At the end of July, the government announced plans to expand Permitted Development Rights in high streets and town centres, making it easier for empty shops to be turned into new homes.
Made public in a much grander speech citing Medici, Gaudí, Nash and other ‘populists’ playbook’ urbanism references, the announcement was almost a footnote. Wrapped in some sensible sounding ideas to densify urban places, rather than unleashing a vibrant town centre renaissance, this move risks undermining the very high street activity that it claims to support.
New housing undoubtedly has a role to play in the future evolution of high streets, but inviting it to take over anywhere and everywhere without careful consideration is a recipe for lifeless centres and poor-quality homes.
The thinking goes that, since decline in demand for retail is creating empty properties, the obvious way to fill that space is to turn it seamlessly into gleaming new homes. Our high streets will be filled with happy residents, milling about spending their time and money. Even better if planners don’t have to get involved.
The principle of increasing residences in town centres is great. City-centre living can create vibrant and dynamic places with reduced reliance on cars, more chances for social interaction and greater economic opportunity for residents and businesses. The issue is that using Permitted Development Rights (PDR) as an enabling mechanism for new homes creates more problems than it solves.
Studies have shown that homes delivered through PDR are more likely to be low-quality, more likely to be below national space standards and more likely to have no external amenity space than those delivered with full planning consent.
Without the need to go through a formal planning process, there is no requirement for affordable housing in these developments, nor any Section 106 or Community Infrastructure Levy to be paid. It only takes a moment to think about how poorly suited many high street properties are to be turned into homes: deep units with large windows at the front but generally dark towards the rear, and with ‘hidden’ access into inhospitable service yards. In design terms, housing delivered in ground-floor retail units is likely to be even worse than the converted office blocks that many of the recent (damning) PDR studies have been based on.
Our experience at We Made That, working in high streets up and down the country, tells us that the location of vacant shops is often very central, rather than the ‘bits around the edges’ where our centres meet residential areas. Whether in London, Kent or Cornwall, we have seen plenty of examples where the most central area of a high street is the one that is struggling most – typically larger units, perhaps formerly a larger national chains or department stores – are the empty shops in question.
It would extinguish the last embers of life that these bits of our centres hold if such prominent areas become low-quality accommodation – and, under these new proposals, the risk is that there will be no controls in place to prevent that.
High streets and town centres are resilient but are weathering several storms at the moment: still reeling from the pandemic, grappling with advances in online retail and coming to terms with new patterns of use and demand. However, at their best they are places that bring us together – where we can connect, enjoy ourselves, get the things we need. New cultural, community and civic uses are springing up all over the place.
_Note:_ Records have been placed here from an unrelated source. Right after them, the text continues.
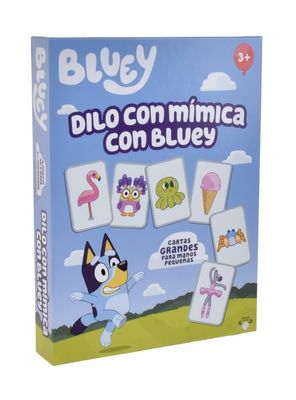 Imagen 2 del producto Juego de cartas adivinanzas bluey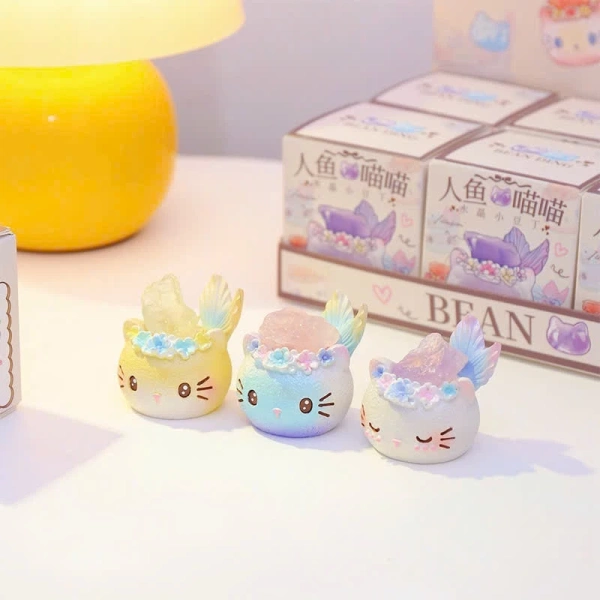 Bất ngờ khi một hộp mô hình nàng tiên cá nhỏ lại mang lại không gian sống êm dịu hơn dự đoán - Ảnh 5 Bất ngờ khi một hộp mô hình nàng tiên cá nhỏ lại mang lại không gian sống êm dịu hơn dự đoán - Ảnh 5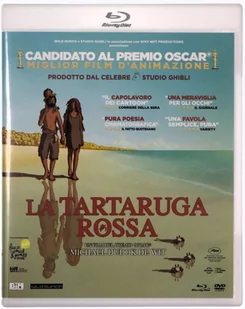 Czerwony żółw - Filmy animowane Blu-Ray - miniaturka - grafika 1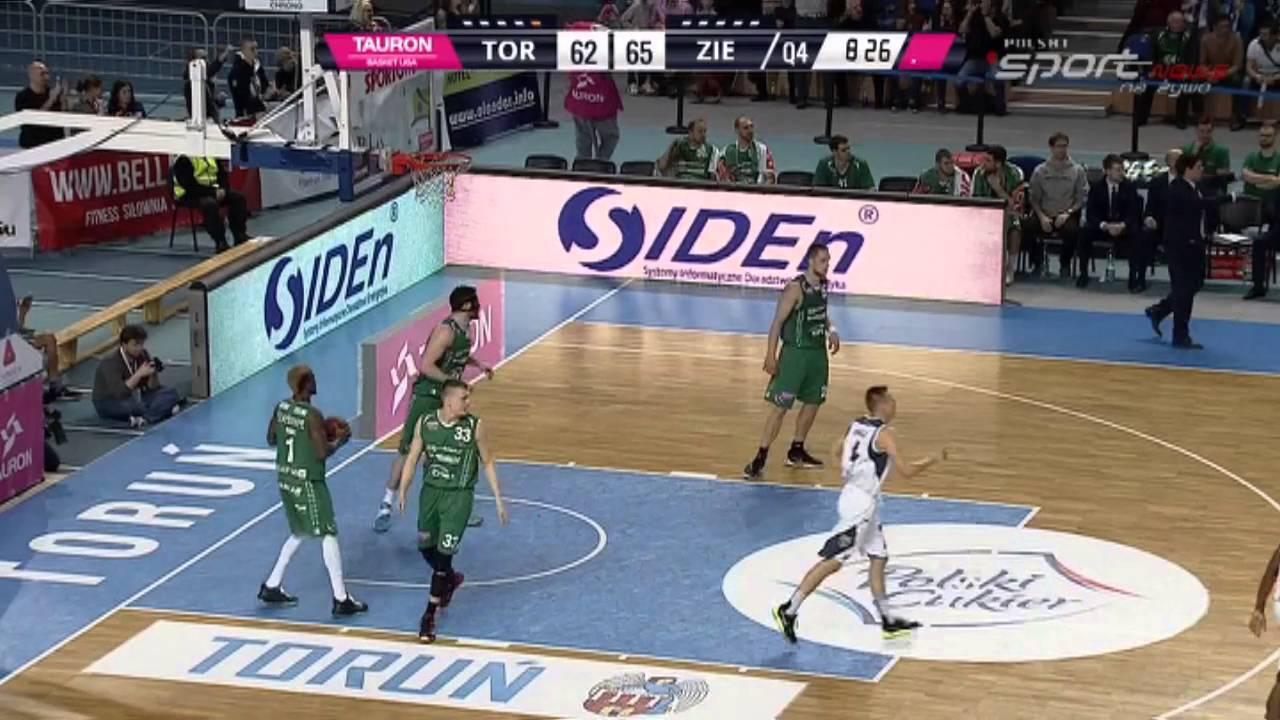 Michał Michalak za trzy w kontrze! #TBLPL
Careful plans and strategies are being prepared to improve public realm and introduce greenery.
Stakeholders are working together to tackle sites with potential for new mixed-use developments. When design and planning are addressed effectively, these sites can deliver much-needed new homes to a high standard, where active, sustainable travel is an easy choice and proximity to all the amenities of an urban centre supports a high quality of life for residents.
Government efforts to support town centre regeneration through programmes like the Levelling Up Fund will be undermined by this proposal for expanded Permitted Development. The new homes we create in our centres must be the high-quality places that our communities deserve, not bargain basement – and for that we don’t need a free-for-all, we need a plan.